--- Data ---
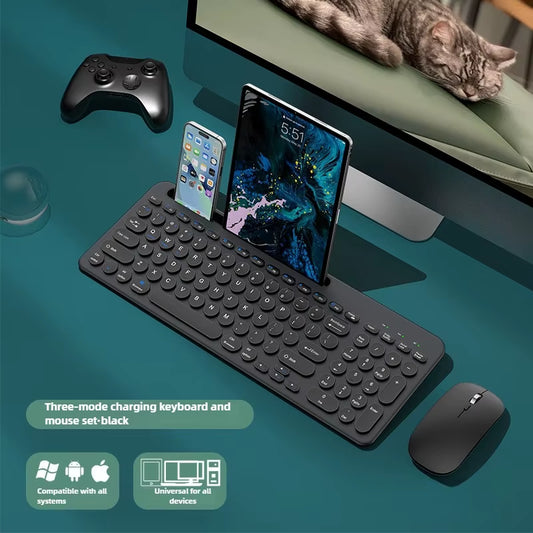 2.4G Wireless Keyboard and Mouse Combo Three-Mode Multi System Compatibility Bluetooth Keyboard Mouse Set Rechargeable Keyboards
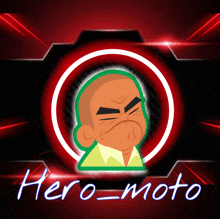 a logo for a company called hero moto with a cartoon character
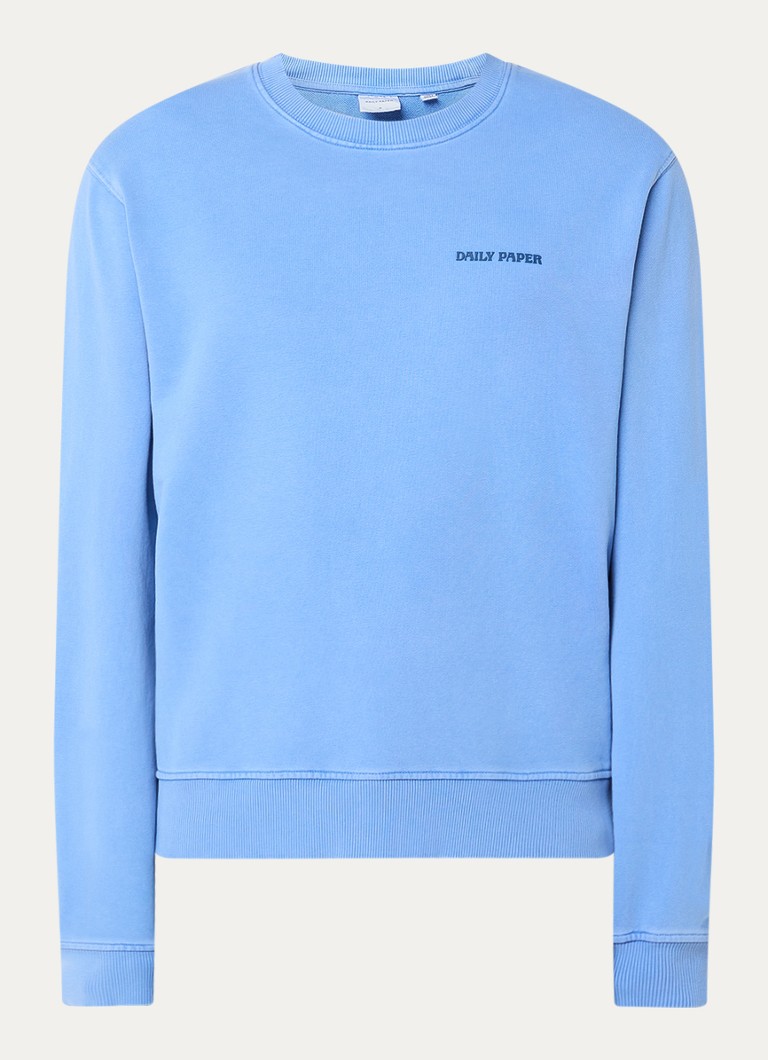 Daily Paper Heren Dias sweater met logo in de kleur Blauw, maat: S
---
### Task requirements:
Please make an exact copy of the whole listing and leave out its pictures.

### Solution to the exercise:
 2.4G Wireless Keyboard and Mouse Combo Three-Mode Multi System Compatibility Bluetooth Keyboard Mouse Set Rechargeable Keyboards
 a logo for a company called hero moto with a cartoon character
 Daily Paper Heren Dias sweater met logo in de kleur Blauw, maat: S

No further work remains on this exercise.